As West Elm unveils a new type of hotel, Equinox starts its own hotel line and every brand under the sun joins the boutique and lifestyle hotel game, I'm still left wanting a new type of hotel that suits my needs today as a millennial business traveler.
Honestly, I don't really value whether the hotel I am staying at can sell me its bedding or couch (West Elm's inventive new model). I don't have any issues with my home furniture or lack any inspiration for it. However, I do travel hundreds of days a year, and what I would really love is a hotel that not only offers me a room, but also a desk I can rent during the day. Some of you will read this and point me to my hotel bedroom desk.
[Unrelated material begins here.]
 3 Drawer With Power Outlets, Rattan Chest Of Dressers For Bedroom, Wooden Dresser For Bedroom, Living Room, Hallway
Personally though, I would rather have an office or a shared workspace desk that would allow me to leave my room and have a productive day like any other I can have when I'm back at our New York headquarters.
The shared workspace hotel capitalizes on three prevailing economic and demographic trends:
1) Remote Workforce Trends – The business travel landscape is changing rapidly. More and more of us are working remotely. As businesses continue to support a remote workforce and office space continues to be deprioritized, more and more of the working population is working from home or from any coffee shop table they can find. According to MBO Partners, there will be 40 million Americans self-employed by 2019, and countless more organizations working remotely for their companies. With the concurring rise of new technologies enabling this highly mobile workforce to conduct business and collaborate anywhere, video conferencing has exploded. When I am speaking to hotel executives on the road or even to my team, I would really love for them not to have to look behind me at my unmade bed when I'm on a Google hangout or on Skype (I can't exactly have housekeeping come if I am working from my room all day!).
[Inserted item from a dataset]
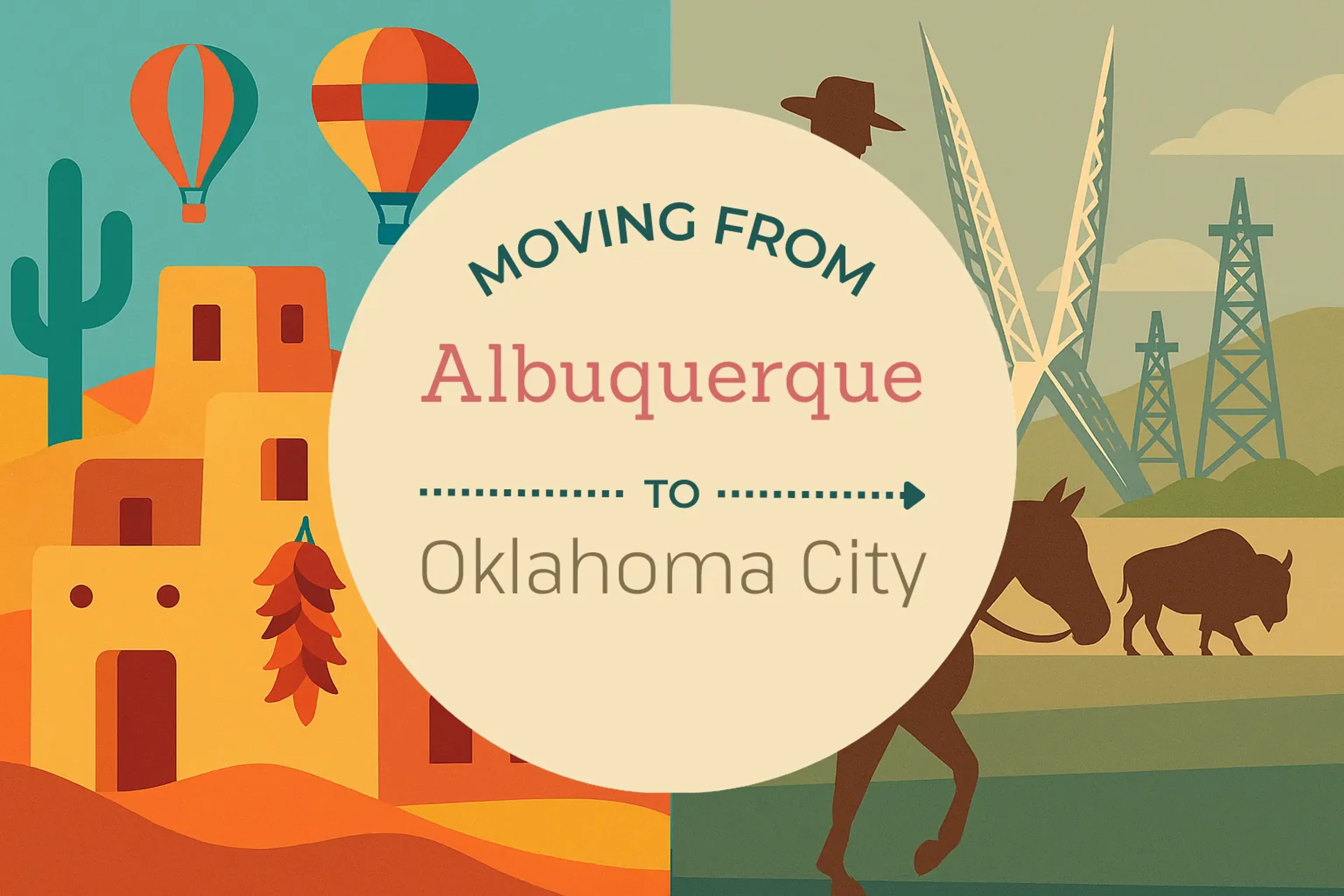 Side-by-side comparison of Albuquerque to Oklahoma City moving companies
2) Millennial Demographic Trends – A lot can be said of Millennials as a demographic, but one trend that is here to stay is their desire for new experiences. A survey published by Expedia shows Millennials are 62 percent more likely to extend a business trip into a vacation (increasingly referred to as a "bleisure" trip). This means when your company is sending a Millennial to New Orleans or to Montreal for a work trip, he or she is likely to extend the business trip into a leisure trip. This does not mean they are not working. Rather, they are just working from the city you are sending them to. As cultures, especially startup cultures, allow for their employees to work off-site as they please, you'll see a lot of travelers staying the weekend in one hotel and the following week in another hotel. If a hotel catered to both the business traveler (desks) and the leisure traveler (location + small rooms) then it might attract the guest for the entire trip. It would surely be easier for the traveler to stay at one place, rather than move around from hotel to hotel.
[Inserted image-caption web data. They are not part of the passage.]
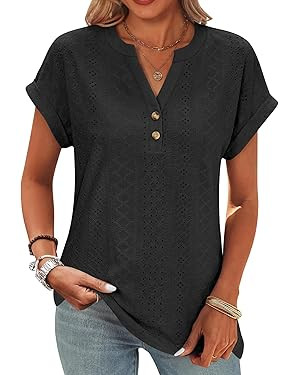 ANRABESS Women Tops Short Sleeve V Neck Eyelet Shirts Dressy Casual Blouses 2026 Summer Tee T-Shi... | Amazon (US)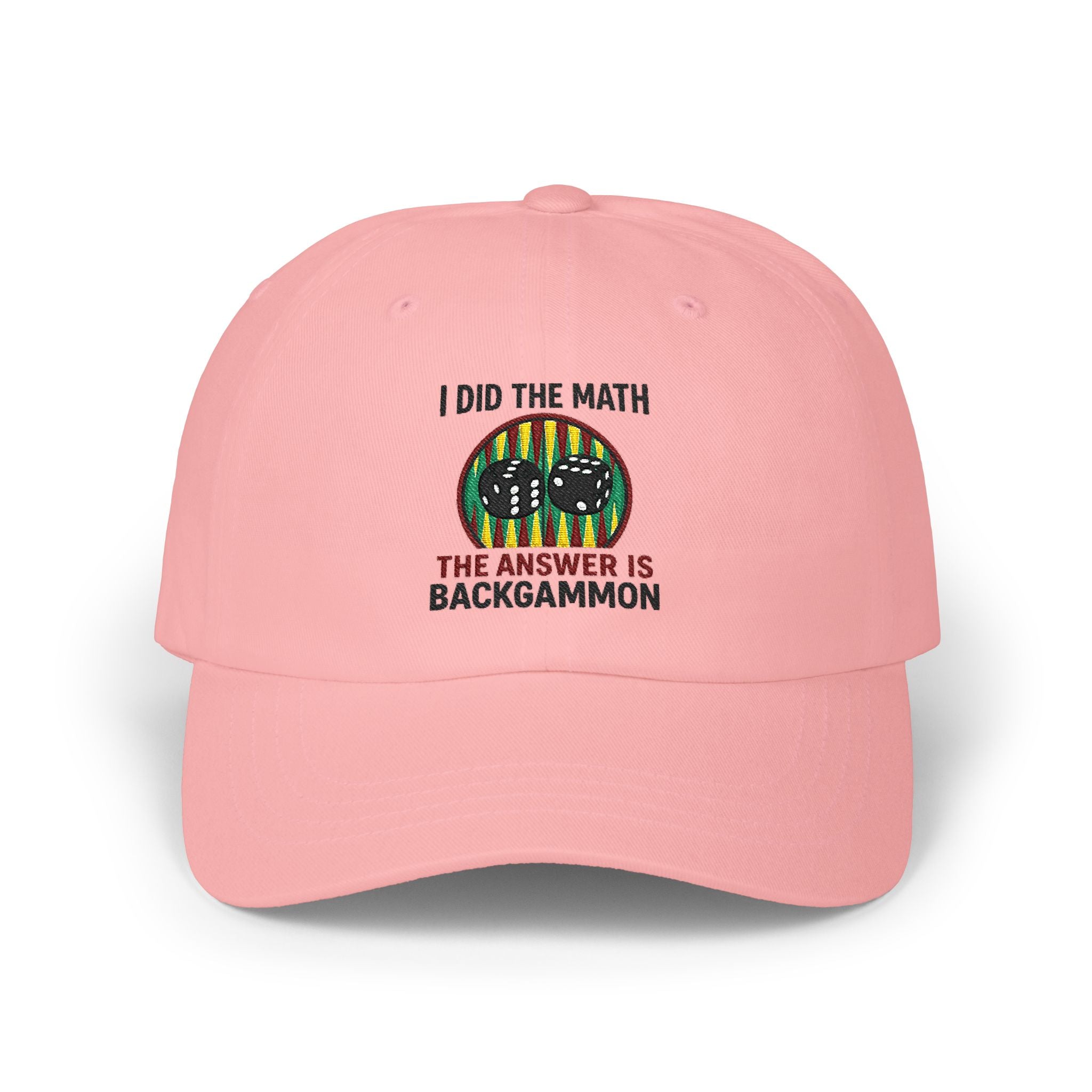 "I Did The Math, The Answer Is Backgammon" Embroidered Baseball Hat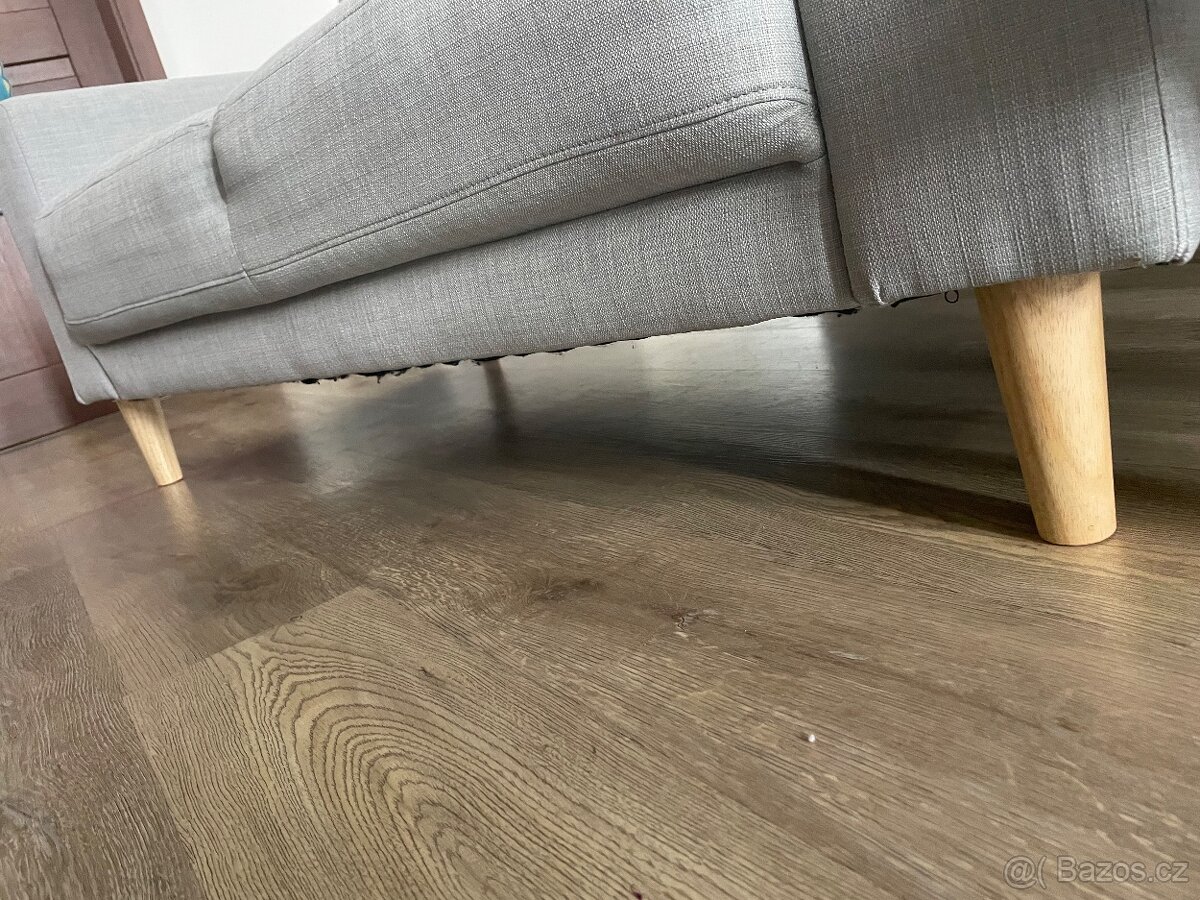 Pohovka EGENSE 2místná světle šedý potah - 2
3) Shared Workplace Trends – In the U.S., co-working spaces have increased from just one in 2005 to over 3,500 in 2016. As trend 1 above makes clear, people are more and more comfortable with the shared workspace concept. We are already educated as to its practicality. If West Elm can find value from cross-selling its products into a hotel-furniture hybrid, then surely WeWork or NeueHouse could fashion a hotel-workspace hybrid.
I am not saying that that only WeWork can follow West Elm's lead here. They already have their own designs for WeLive. However, it would be attractive for me (and many other business travelers) to be able to rent a desk at my next conference, or a desk by the hour on my next leisure trip.
So, which hotel management company wants my heads-in-beds & derrières-in-chairs business?